• _WORK TASK_
Please, from the entries below, transcribe exactly the lines that begin at the line with "Kırklareli'de sağanak yağış sele sebep oldu" and end at the line with "ancienne petite verseuse", without the pictures.

• _SUPPLIED RECORDS_
[Start of section]
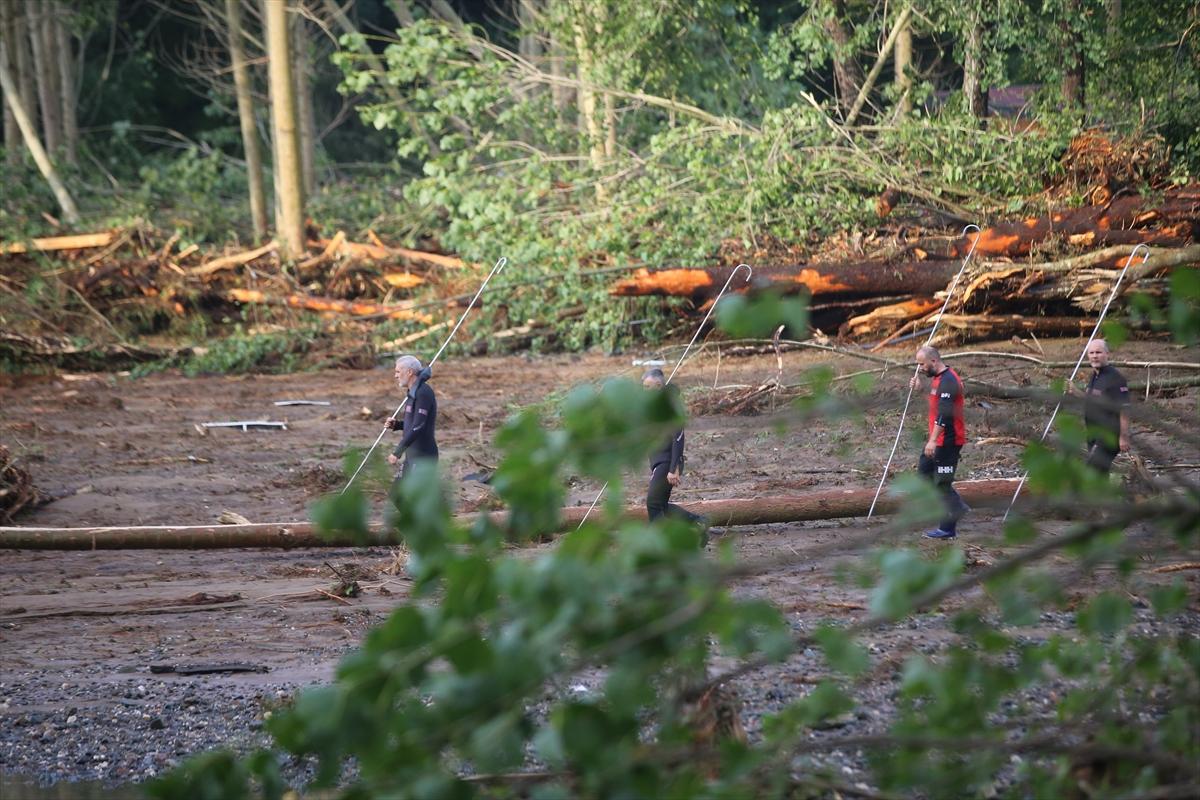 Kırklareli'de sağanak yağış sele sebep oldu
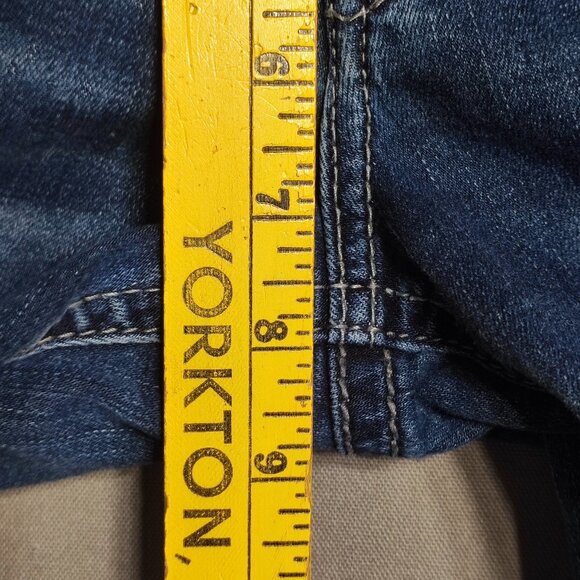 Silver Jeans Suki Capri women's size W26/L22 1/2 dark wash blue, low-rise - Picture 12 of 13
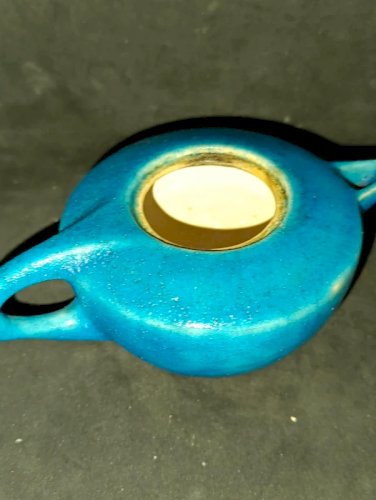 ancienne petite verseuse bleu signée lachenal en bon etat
[End of section]
[Start of section]
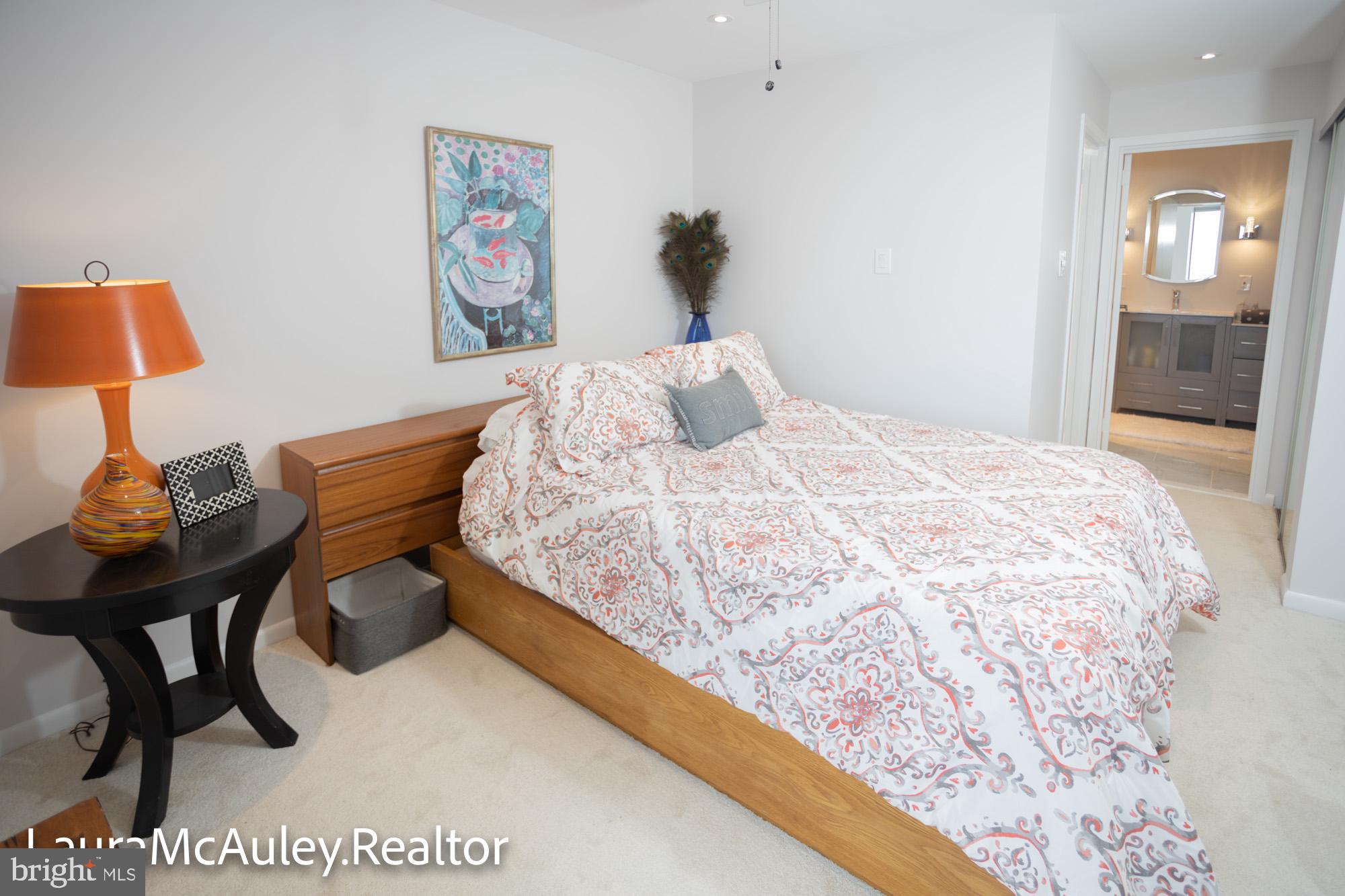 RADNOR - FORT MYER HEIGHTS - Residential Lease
[End of section]
• _TASK RESULT_
 Kırklareli'de sağanak yağış sele sebep oldu
 Silver Jeans Suki Capri women's size W26/L22 1/2 dark wash blue, low-rise - Picture 12 of 13
 ancienne petite verseuse bleu signée lachenal en bon etat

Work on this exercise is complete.